Creates a new hash table. It has a size of size, and uses the given functions for hashing and comparing the keys. LibDS assumes a key of 32 bits, so hashfun must return a 32-bit unsigned value. Comparing the keys is necessary only when LibDS is resolving collisions, and cmpfun is expected to return -1 when the first key is smaller than the second, 0 when the two keys are equal, and 1 whenever the second key is larger than the first.

Upon success, the above functions return a valid HASHTABLE pointer. If they fail, NULL is returned.

Closing

void htClose(HASHTABLE hashtable)

Closes the hash table, effectively releasing all memory used by it. User data remains untouched.

void htCloseWithFunction(HASHTABLE hashtable,void (*fun)(void*))

Closes the hashtable, only this time call the function fun on each data element in the table as it is being closed.

Adding

int htAdd(HASHTABLE table,DSKEY key,void *data)

Adds a new element with key key to the hashtable. The function returns 0 on success, -1 on failure. Failure is signalled whenever a duplicate key is detected, or there is a memory allocation problem.

Deleting

void* htRemove(HASHTABLE table,DSKEY key)

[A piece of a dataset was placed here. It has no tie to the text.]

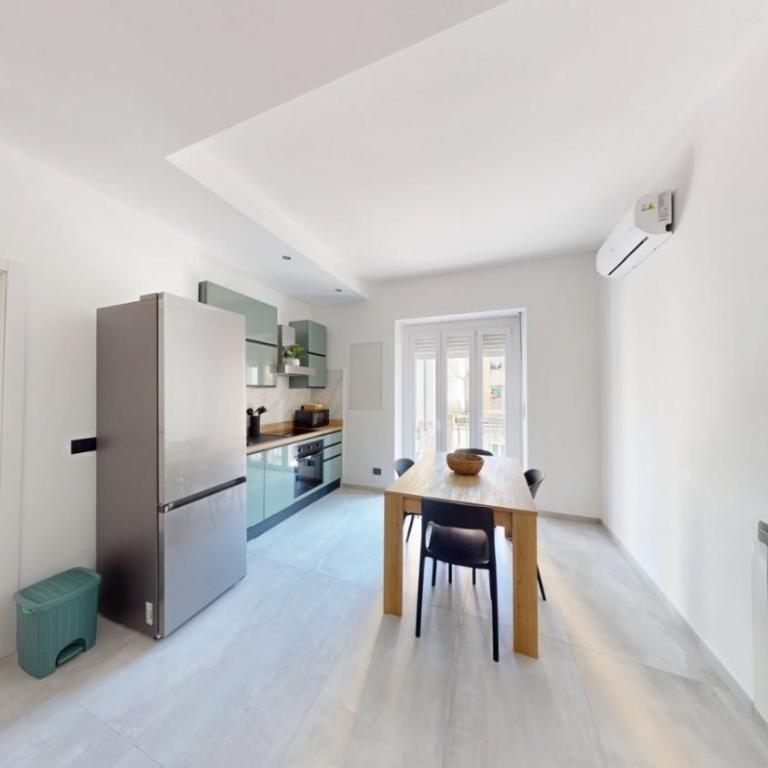 Casa Selene - Apartment mit 1 Schlafzimmer - 18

Delete the element with the given key from the hash table.

Fetching

As usual, whenever a void* is returned, it contains user data, or NULL if something went wrong. Therefore, storing NULL as a value will not be distinguished from an error.

void * htFind(HASHTABLE table,DSKEY key)

Return the element with the given key. Fails if the key is not in the table.

Parameters

int htSize(HASHTABLE table)

Return the size of the table. This is equal to the argument passed to the htMake*() functions, unless that argument was -1, in which case this function returns the actual size LibDS selected for the table. Does not fail.

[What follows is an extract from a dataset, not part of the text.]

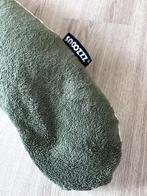 Snoozzz Voedingskussen Teddy Green Carré, Ophalen, Zo goed als nieuw, Voedingskussen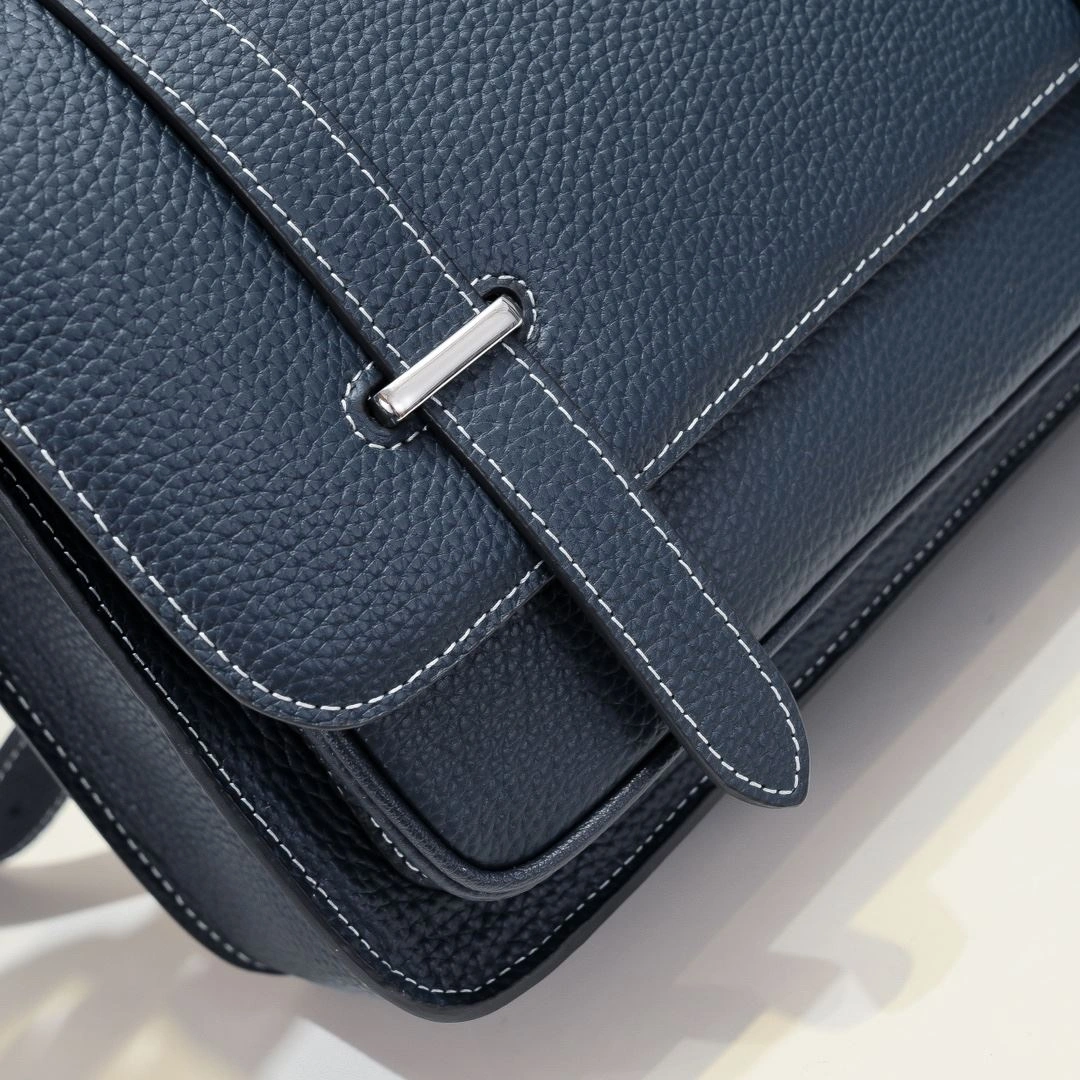 Mens Hermes Satchel Bags UrbanChic 90804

int htItems(HASHTABLE table)

Returns the actual number of items currently stored in the table. Never fails.

int htConflicts(HASHTABLE table)

Returns the number of conflicts (items that are mapped to the same location in the table). Never failes.

int htEmpty(HASHTABLE table)

Returns true (value not equal to zero) if the table has no (more) elements. Else, false (value equal to zero) is returned. (Equivalent to htItems() == 0).

Advanced funtionality

Visiting the elements of a HASHTABLE

You can visit all elements in the hash table and call a function to be performed on each data item found in each element.

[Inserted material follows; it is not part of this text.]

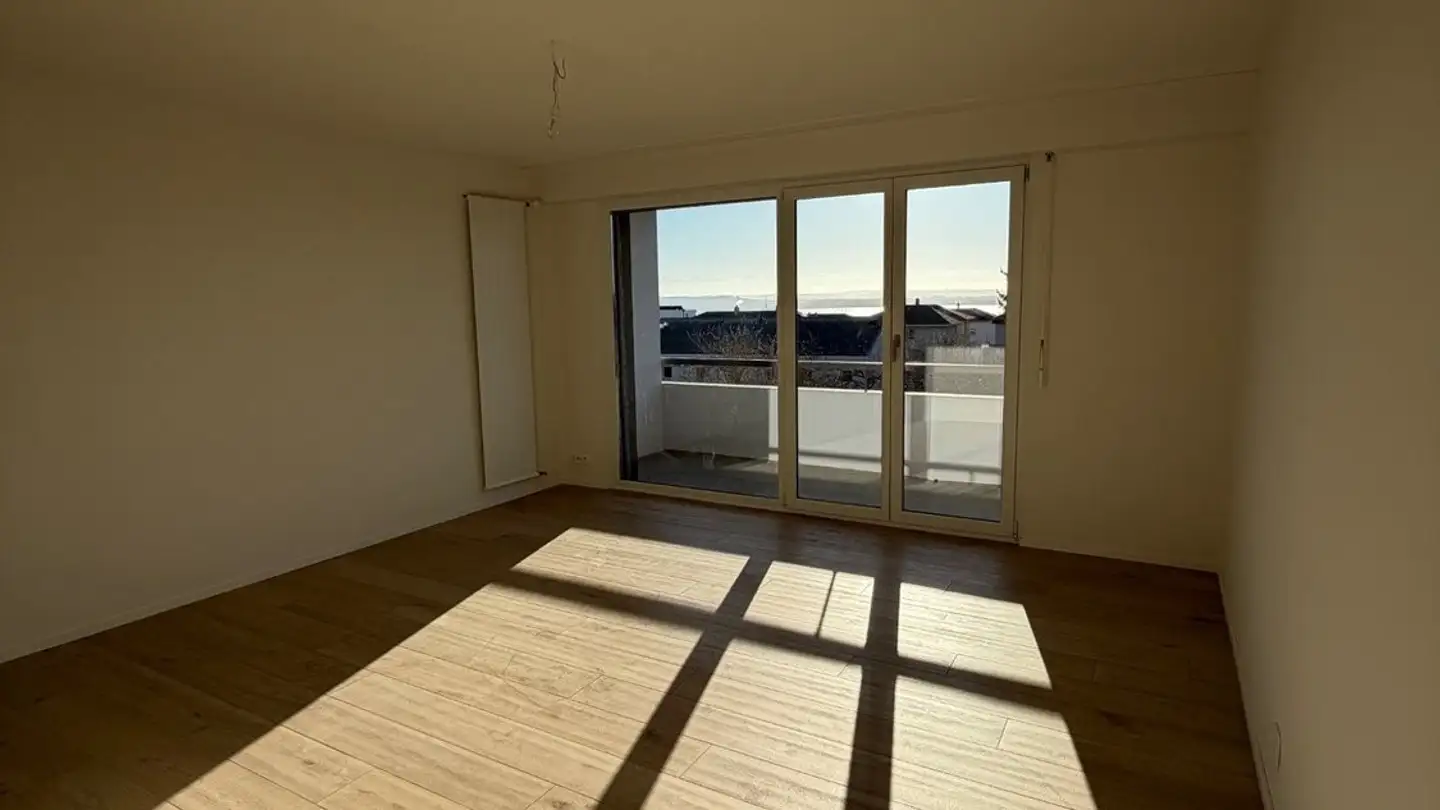 Appartamento in affitto - Rue Des Coteaux, 2034 Peseux - Foto 4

void htWalk(HASHTABLE table,int all,void (*fun)(DSKEY key,void * data,int is_conflict))

Visits all the elements in the table (in no predefined order), and calls fun on each element found. The function receives as first argument the key of the element. As second argument the user data that was stored with the element is passed. The third argument is non-zero if the current element is a conflict of the previous one. The third argument is zero if the current element is not conflicting with any other elements. If all is true (not equal to zero), all elements are visited. If all is equal to zero, only the conflicting elements are visited.

NOTE: htWalk() will happily visit all slots in the hashtable, including those that are empty. Therefore, it is not ideal for sequential access to your data.

Obscure functionality

Nothing.

Thu Dec 27 15:37:04 EST 2001